I’ve never catcalled anyone, not once.  Never hassled a woman in a bar, never got angry with anyone because they wouldn’t give me a phone number or something like that.

(I have what I’m pretty sure is a funny story about accidentally approaching the wrong woman in a bar who I thought was one of my friends; maybe I’ll tell it sometime.  It’s not for this post.)

But I had years– years— where I bought into the idea of the friendzone, and where the idea of just telling a woman that I was interested in her and thought we should go out/make out/fuck each other senseless was pure anathema.  No, she (whichever she was at the time) was gonna figure it out sooner or later and fall into my arms.  I was a Nice Guy.  Sooner or later she’ll figure out that all the guys she dates are assholes and I’m right here, all not being an asshole and shit.

I can think of some moments, some interactions that make me cringe right now, honestly.  I’m pretty sure there were times when I was being creepy as fuck and didn’t even realize it.  There are others where I know I was being creepy as fuck and I regret the hell out of them.  Some of them probably involved the woman who originally triggered this post, honestly; we have a bit of history together, not all of which I’m proud of.

(True fact: the first time I kissed the woman who eventually married me, we were sitting at a table in a diner and I literally said “Let’s go make out in the parking lot,” and it worked.  Sooner or later I broke past the idea that doing nothing would get me somewhere.  That said, if that line doesn’t work?  Possible eew.)

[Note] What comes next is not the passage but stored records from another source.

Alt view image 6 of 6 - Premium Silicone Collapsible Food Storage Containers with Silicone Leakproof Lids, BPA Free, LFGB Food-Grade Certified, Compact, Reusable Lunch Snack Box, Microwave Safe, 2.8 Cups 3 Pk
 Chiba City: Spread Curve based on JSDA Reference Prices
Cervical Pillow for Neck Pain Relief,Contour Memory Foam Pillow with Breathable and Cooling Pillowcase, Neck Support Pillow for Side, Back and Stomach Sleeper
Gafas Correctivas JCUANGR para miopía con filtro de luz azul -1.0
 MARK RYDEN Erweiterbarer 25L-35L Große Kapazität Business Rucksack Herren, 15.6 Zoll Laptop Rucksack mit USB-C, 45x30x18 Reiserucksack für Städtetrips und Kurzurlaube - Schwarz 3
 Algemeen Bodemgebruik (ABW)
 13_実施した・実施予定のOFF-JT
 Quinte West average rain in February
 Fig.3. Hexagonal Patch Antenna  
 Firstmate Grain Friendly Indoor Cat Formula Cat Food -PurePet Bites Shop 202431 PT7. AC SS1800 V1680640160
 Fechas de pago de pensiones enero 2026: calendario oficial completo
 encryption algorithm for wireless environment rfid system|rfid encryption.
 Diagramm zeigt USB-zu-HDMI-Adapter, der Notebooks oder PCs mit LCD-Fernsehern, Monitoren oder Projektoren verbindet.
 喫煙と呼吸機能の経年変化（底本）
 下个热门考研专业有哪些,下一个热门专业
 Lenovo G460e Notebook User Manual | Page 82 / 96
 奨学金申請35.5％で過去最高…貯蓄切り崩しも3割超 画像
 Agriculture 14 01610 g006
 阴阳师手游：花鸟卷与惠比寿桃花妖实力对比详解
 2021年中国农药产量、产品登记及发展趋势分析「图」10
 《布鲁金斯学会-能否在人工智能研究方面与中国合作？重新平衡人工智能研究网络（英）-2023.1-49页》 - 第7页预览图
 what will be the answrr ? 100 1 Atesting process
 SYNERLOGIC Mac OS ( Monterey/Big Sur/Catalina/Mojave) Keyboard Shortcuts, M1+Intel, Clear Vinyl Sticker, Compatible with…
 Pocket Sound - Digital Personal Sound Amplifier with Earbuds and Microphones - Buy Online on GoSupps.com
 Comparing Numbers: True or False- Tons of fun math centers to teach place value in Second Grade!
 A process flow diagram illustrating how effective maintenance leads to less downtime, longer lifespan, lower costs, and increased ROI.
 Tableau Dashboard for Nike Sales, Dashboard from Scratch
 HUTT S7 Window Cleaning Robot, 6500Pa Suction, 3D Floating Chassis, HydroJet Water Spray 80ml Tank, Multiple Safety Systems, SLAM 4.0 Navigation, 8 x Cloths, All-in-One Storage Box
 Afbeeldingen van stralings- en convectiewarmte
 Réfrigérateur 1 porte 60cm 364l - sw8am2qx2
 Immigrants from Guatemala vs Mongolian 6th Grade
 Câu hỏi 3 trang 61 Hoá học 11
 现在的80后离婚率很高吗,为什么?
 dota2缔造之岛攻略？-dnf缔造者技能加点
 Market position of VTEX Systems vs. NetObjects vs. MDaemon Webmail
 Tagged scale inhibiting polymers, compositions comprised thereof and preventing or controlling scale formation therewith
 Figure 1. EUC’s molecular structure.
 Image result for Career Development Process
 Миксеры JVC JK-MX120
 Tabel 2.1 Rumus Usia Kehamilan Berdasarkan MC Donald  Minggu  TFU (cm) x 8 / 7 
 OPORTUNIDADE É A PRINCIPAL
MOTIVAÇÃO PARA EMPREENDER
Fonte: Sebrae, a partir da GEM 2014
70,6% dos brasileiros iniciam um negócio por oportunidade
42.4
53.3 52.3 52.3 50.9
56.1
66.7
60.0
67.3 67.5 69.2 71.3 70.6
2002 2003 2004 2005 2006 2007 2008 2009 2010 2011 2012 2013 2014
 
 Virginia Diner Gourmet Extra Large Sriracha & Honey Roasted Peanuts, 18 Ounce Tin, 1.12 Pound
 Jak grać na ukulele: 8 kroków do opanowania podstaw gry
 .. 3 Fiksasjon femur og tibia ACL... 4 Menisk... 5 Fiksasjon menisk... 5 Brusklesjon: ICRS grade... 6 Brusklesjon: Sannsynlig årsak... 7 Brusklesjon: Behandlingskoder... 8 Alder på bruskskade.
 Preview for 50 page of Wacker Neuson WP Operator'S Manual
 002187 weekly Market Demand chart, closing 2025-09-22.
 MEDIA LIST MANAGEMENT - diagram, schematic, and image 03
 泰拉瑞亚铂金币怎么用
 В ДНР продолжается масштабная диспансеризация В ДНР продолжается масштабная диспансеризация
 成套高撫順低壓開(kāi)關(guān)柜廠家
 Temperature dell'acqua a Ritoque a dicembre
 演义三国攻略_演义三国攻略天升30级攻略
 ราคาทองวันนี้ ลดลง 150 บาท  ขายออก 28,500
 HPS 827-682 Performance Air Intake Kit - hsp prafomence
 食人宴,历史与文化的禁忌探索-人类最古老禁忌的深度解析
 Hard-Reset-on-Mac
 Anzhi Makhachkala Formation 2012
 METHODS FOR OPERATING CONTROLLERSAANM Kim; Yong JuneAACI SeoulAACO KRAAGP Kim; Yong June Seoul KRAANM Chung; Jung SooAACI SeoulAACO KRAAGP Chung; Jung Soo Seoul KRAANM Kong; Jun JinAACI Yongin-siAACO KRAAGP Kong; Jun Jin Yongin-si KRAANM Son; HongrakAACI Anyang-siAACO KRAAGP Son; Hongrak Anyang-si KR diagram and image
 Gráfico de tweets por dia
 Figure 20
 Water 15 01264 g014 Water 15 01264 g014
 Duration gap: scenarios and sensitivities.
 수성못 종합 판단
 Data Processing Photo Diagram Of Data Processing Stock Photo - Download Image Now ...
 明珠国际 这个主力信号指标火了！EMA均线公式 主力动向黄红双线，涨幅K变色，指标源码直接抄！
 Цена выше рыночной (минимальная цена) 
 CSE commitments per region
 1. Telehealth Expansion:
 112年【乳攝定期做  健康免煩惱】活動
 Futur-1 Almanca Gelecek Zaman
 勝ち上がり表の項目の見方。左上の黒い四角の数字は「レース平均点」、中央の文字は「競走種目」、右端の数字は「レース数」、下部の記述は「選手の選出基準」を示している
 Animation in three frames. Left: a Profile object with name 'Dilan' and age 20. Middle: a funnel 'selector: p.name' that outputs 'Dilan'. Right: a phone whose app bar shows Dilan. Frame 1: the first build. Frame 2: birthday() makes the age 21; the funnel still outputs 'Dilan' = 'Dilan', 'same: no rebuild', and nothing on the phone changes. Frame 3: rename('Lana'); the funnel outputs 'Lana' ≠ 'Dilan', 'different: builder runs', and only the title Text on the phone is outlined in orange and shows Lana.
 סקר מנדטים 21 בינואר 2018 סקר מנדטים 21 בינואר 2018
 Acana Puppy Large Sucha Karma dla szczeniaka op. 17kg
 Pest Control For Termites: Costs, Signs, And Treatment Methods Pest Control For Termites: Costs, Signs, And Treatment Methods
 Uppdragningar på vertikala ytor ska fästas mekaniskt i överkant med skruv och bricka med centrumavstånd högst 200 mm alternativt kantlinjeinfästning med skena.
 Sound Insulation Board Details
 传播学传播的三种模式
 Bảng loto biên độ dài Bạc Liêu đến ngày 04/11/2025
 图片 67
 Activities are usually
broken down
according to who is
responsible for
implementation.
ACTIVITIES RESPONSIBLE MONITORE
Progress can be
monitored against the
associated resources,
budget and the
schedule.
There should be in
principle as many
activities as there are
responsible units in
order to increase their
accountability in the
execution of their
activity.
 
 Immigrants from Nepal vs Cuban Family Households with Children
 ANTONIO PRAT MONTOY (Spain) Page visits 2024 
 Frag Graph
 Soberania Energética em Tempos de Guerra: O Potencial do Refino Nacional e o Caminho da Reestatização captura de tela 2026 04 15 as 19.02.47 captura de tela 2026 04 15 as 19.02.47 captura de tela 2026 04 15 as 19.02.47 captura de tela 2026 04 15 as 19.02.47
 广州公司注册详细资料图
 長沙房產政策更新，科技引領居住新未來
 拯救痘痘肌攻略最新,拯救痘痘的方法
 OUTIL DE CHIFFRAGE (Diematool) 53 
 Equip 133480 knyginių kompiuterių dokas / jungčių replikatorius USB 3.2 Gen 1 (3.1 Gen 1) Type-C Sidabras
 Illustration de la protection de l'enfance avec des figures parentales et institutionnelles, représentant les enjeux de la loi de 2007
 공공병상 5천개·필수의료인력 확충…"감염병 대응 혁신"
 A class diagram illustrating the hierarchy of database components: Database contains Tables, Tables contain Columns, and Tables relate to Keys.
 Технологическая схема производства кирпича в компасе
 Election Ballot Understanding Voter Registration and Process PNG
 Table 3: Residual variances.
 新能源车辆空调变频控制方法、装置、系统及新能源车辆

I remember one time in high school when a bunch of us– too many to fit in the car– were all going somewhere, and one of the girls decided she was going to sit in my lap.  I put both my hands in my lap, palms-up.  She shrugged and did it anyway, probably knowing that having both hands on her ass would make me twice as uncomfortable as it was making her and that it wouldn’t last more than a moment, which it didn’t.

I still remember that.  I wonder if she does.

(I was gonna say “I’ve never groped anyone who didn’t want me to,” which is what reminded me of that story.)

I remember a week– one very, very weird week in middle school– where for some reason everyone, boys and girls, were all going around trying to yank each others’ shorts off.  By the end of the week everyone had their belts on so tight or their pants laced so tight that I suspect some of us were cutting off our circulation.  I was on both sides of that little game.  But I can’t say I’ve never tried to take anyone’s clothes off who didn’t want me to, either.  I still remember the two girls I targeted; I know one of them took a swipe at me at one point too, although I don’t know who was first.  I don’t remember what the other one thought about it.

(God, I’m glad my middle schoolers never had that bug hit.  I can’t imagine what the teachers were thinking.)


I don’t know that I have a single, overarching point to all this.  Okay, yeah, there’s obviously an element of the confessional here but that’s not the entire point.  I have contributed to this culture of rape and harassment, or at least participated in it, and the fact that I’ve learned (tried to learn) to be better in recent years doesn’t affect the facts of who I was and what I did, even if I can point to any number of men who were maybe worse.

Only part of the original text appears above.